Haha wow, I'm literally trying to solve this problem at this EXACT moment.
Ok so maybe you can help me out with this because what you mentioned is that exact use case I'm trying to build it for right now. First, do we need a taxdump file to build a MMSEQS2 database?
If so, I think I can use this for help: https://github.com/shenwei356/taxonkit/issues/56#issuecomment-1852830965
If not, what do we need to build it?
For the taxonomy database of MMSEQS2 you need the taxdump files: names.dmp, nodes.dmp, taxid.map, delnodes.dmp & merged.dmp
A few weeks ago I tried creating the taxdump files using taxonkit's function: create-taxdump
. See manual here.
I modified the humann_uniref50_annotations.tsv.gz file to have the input format the program requires, something like this:
e66f926af8418c8873d264785662420e c__Acantharea o__Arthracanthida f__Acanthometridae g__Amphilonche s__Amphilonche elongata
38c6e6957eabc901ba3b9c708a5e2eee c__Acantharea o__Arthracanthida f__Acanthometridae g__Amphilonche s__Amphilonche elongata
083441fc54d5eb9ecc0cd83490139b14 c__Acantharea o__Arthracanthida f__Phyllostauridae g__Phyllostaurus s__Phyllostaurus siculus
5df8df7ddea8c8316cfdfc02e9ceb988 c__Acantharea o__Arthracanthida f__Phyllostauridae g__Phyllostaurus s__Phyllostaurus siculu
it worked fine, but then the manual says that the order has to be fixed for it to work on MMSEQS2, but when I tested some sequences against the taxonomy Microeukaryotic DB, I only obtained unassigned taxonomy to contigs (which shouldn't be the case because I am 100% sure that I have sequences that are in the database). I think it has to do with "ordering" the taxonomy files when doing the fixing, but I haven't tested any longer, I had other projects to work on. I might come back to this if you are making advances and need help!
The humann_uniref50_annotations.tsv.gz
only has a subset of the data. You would need to use the source_taxonomy.tsv.gz
file. What is the MMSEQS2 command used once you have the taxdump file?
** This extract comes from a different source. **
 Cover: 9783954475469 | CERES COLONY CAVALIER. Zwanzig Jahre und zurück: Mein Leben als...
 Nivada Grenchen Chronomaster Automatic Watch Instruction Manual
I can look into this today and test on a few sets.
First, you create the database as mmseqs createdb sequence.fasta sequenceDB
with the reference fasta.
Then:
mmseqs createtaxdb sequenceDB tmp --ncbi-tax-dump ncbi-taxdump --tax-mapping-file taxidmapping
ncbi-taxdump
and taxidmapping
are the files that taxonkit
outputs. It did not raise any error for me, but since you say the file I used was a subset, then maybe there is the problem!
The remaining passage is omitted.